WHAT THE TASK REQUIRES
Starting with the first line of the listing, quote each line exactly until and including the one with "Beetles Chrome Nail", leaving pictures out.

•••••

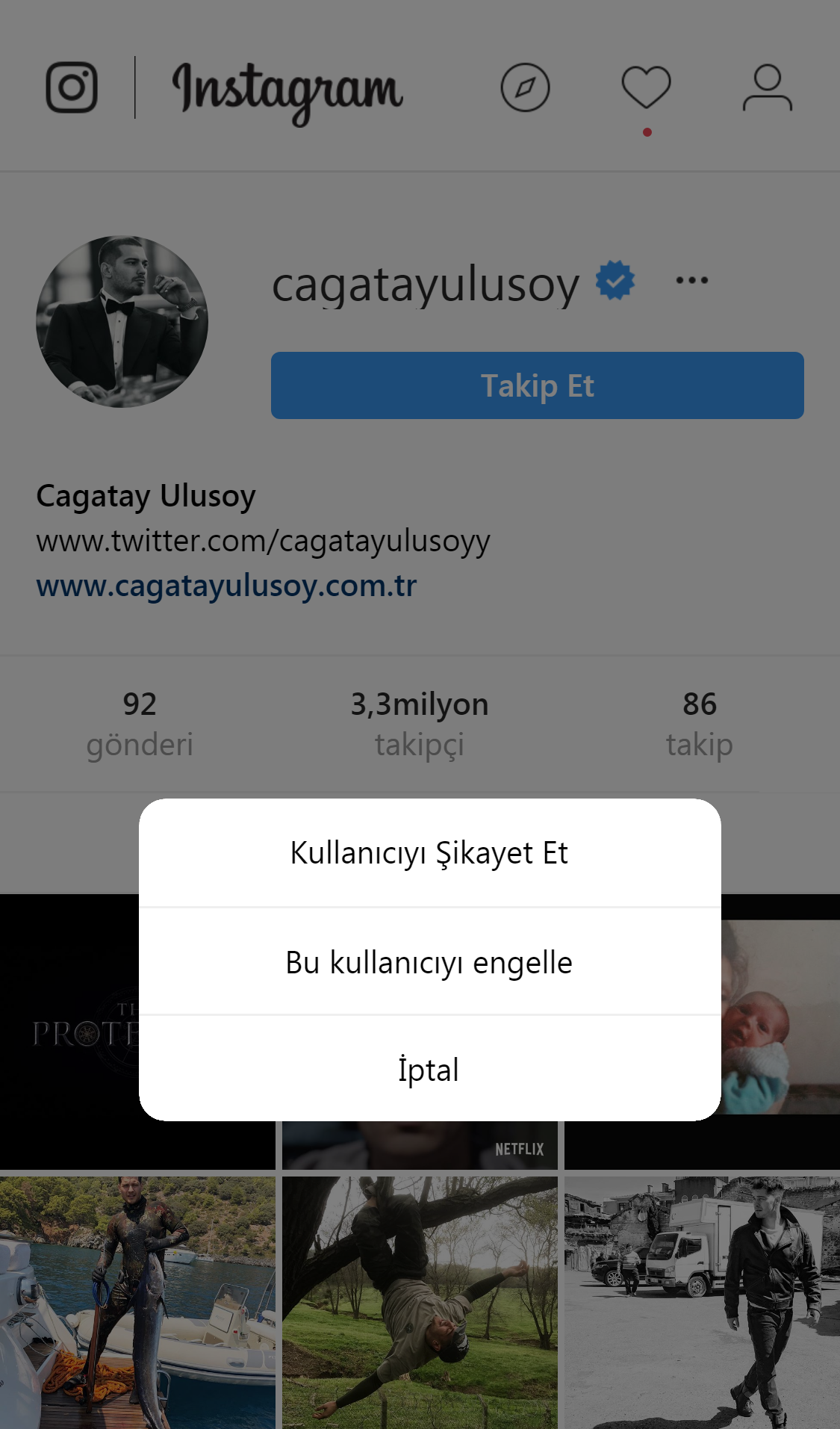 İnstagram hesap engelleme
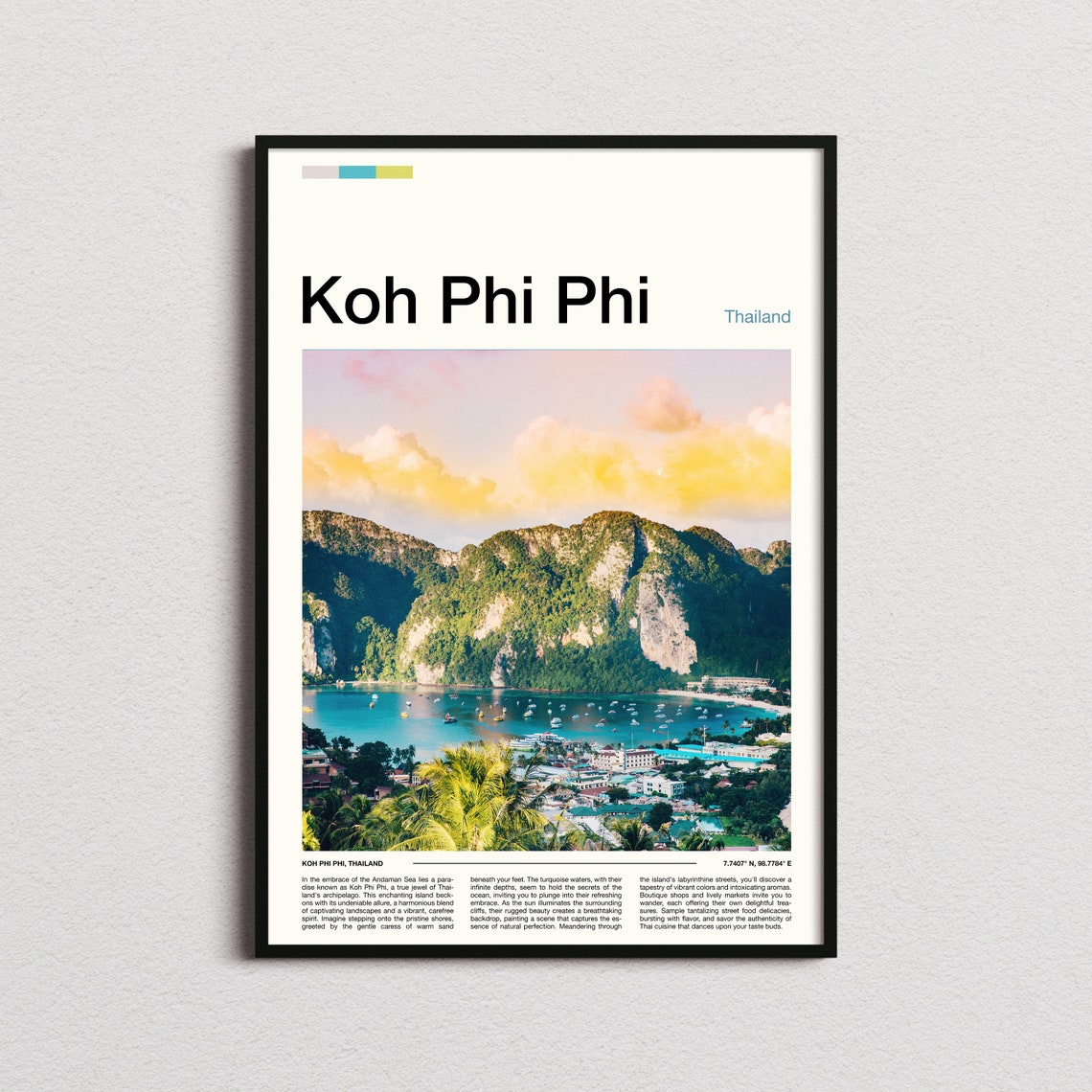 Koh Phi Phi Thailand Limestone Cliffs Sunset Bay Boats Travel Poster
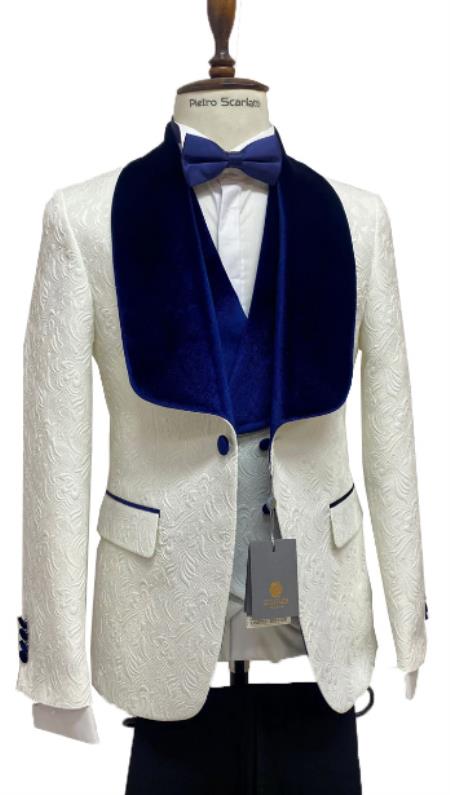 Ivory and Royal Blue Tuxedo Dinner Jacket Wide Velvet Groom Tuxedo Jacket - Prom Blazer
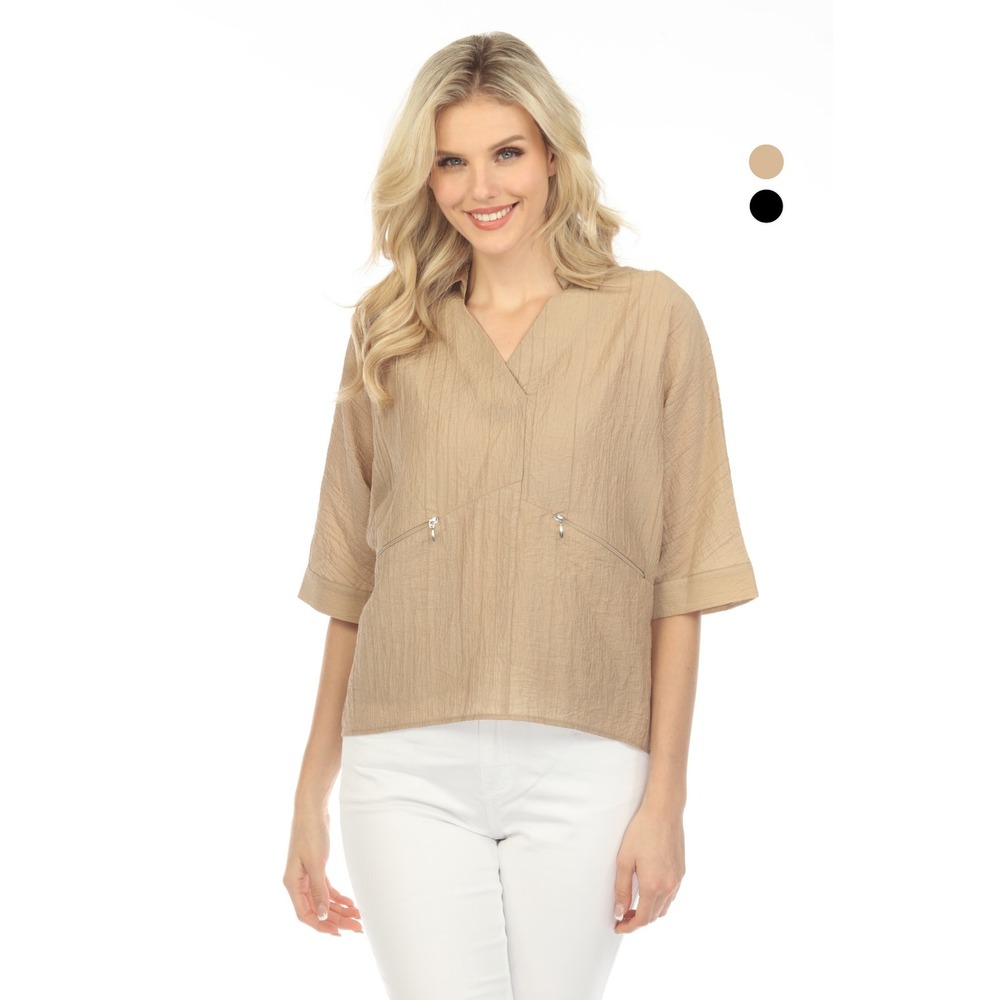 Carine Wang Tan Dolman‎ Top With Zippers V-Neck Textured Blouse Tan- M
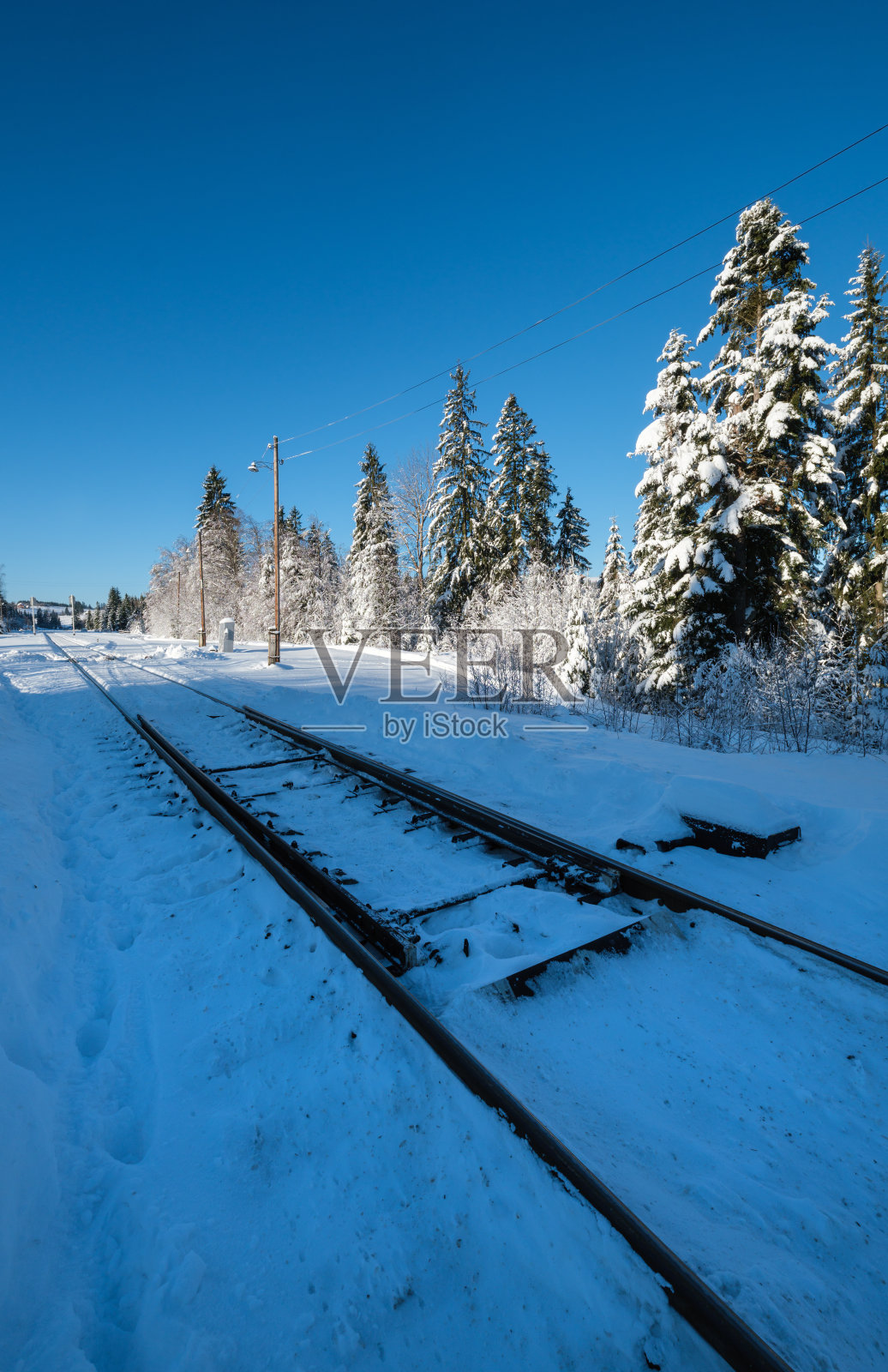 铁路穿过白雪皑皑的冷杉林和遥远的喀尔巴阡山脉，雪堆在路边照片摄影图片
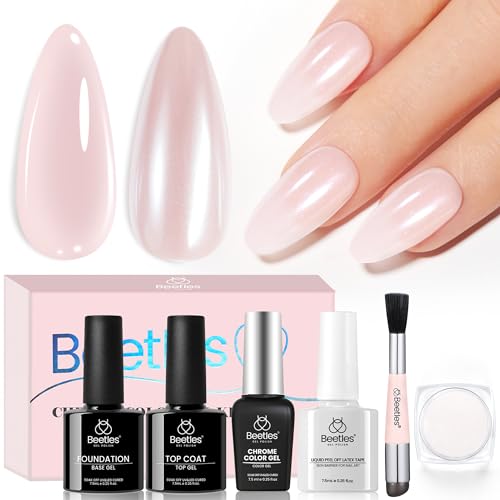 Beetles Chrome Nail Powder Gel Polish, Pearl Glazed Donut Mirror ...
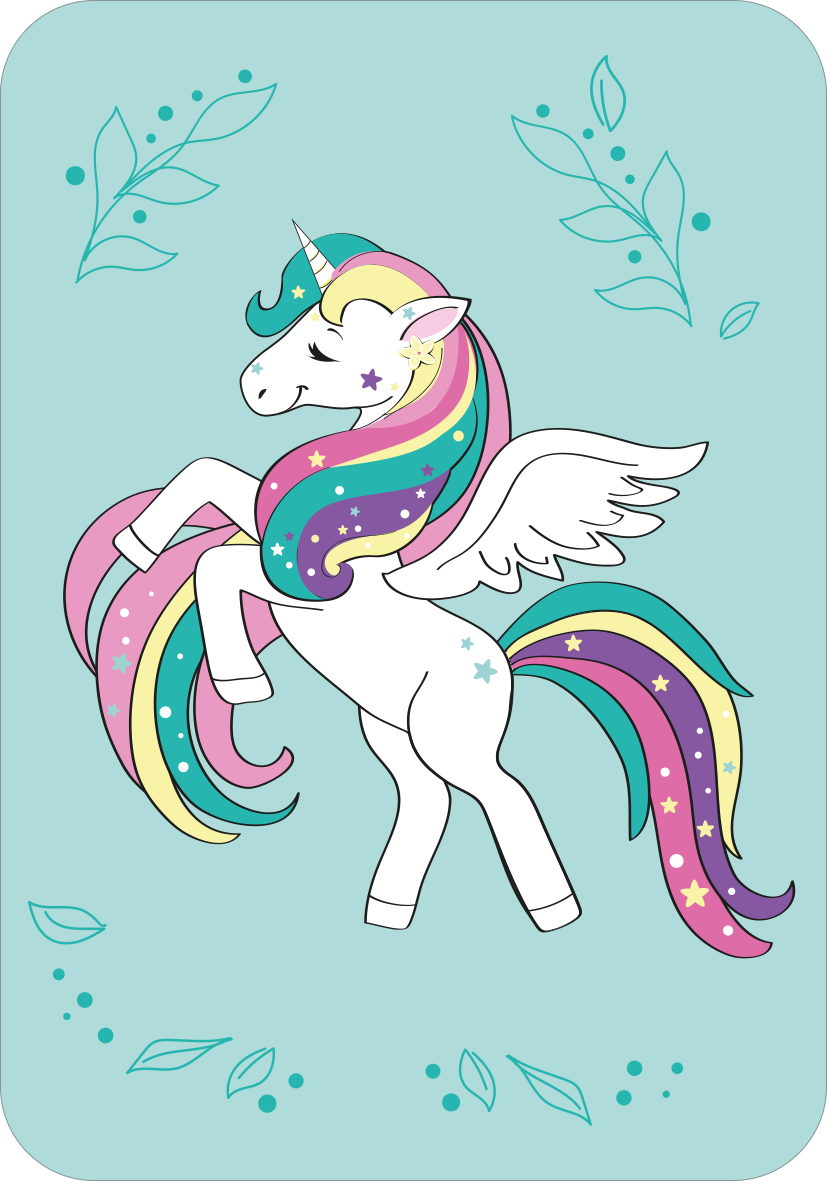 Gezeigt wird eine Innen- oder Zusatzansicht von „Schnapp dir das Einhorn!“. Das Bild zeigt ein weißes Einhorn mit einem fröhlichen Gesichtsausdruck und bunten, glänzenden Mähnen in Pastellfarben, die die Farben Rosa, Blau, Gelb und Lila enthalten. Das Einhorn hat schimmernde Flügel und steht auf einem hellblauen Hintergrund, verziert mit zarten Pflanzenmotiven. Die Typografie im Produkt ist verspielt und kinderfreundlich, was die magische Atmosphäre unterstreicht.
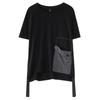 Foto Real do Novo Estilo de Verão Blusa de Tricô de Algodão com Patch Xadrez Tamanho Grande Solta com Parte da Frente Curta e Costas Longas Camiseta para Mulheres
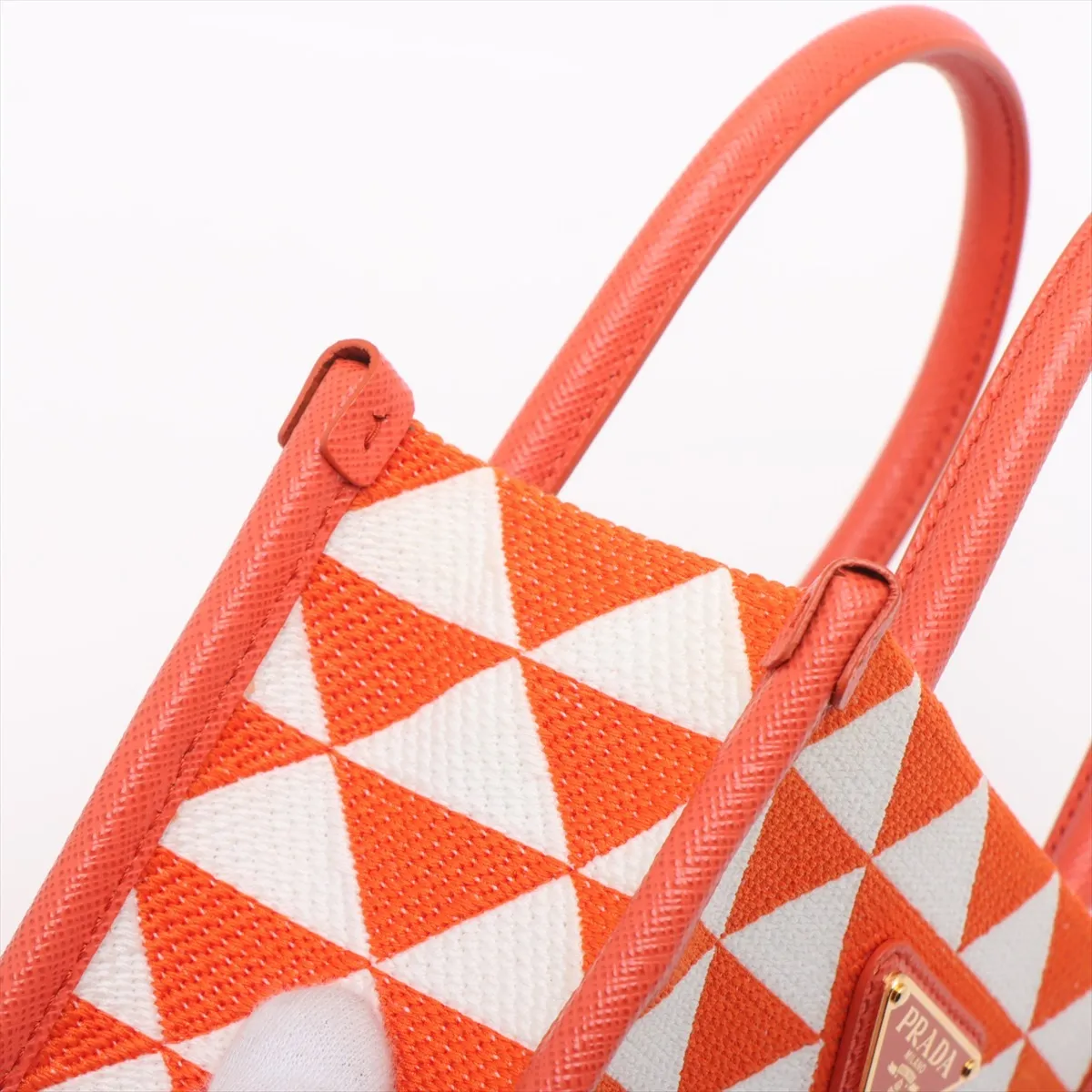 Embroidered Canvas x Leather 2-Way Handbag, Orange x White, 1BA355 — view 11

•••••

ANSWER TO THIS PROBLEM
 İnstagram hesap engelleme
 Koh Phi Phi Thailand Limestone Cliffs Sunset Bay Boats Travel Poster
 Ivory and Royal Blue Tuxedo Dinner Jacket Wide Velvet Groom Tuxedo Jacket - Prom Blazer
 Carine Wang Tan Dolman‎ Top With Zippers V-Neck Textured Blouse Tan- M
 铁路穿过白雪皑皑的冷杉林和遥远的喀尔巴阡山脉，雪堆在路边照片摄影图片
 Beetles Chrome Nail Powder Gel Polish, Pearl Glazed Donut Mirror ...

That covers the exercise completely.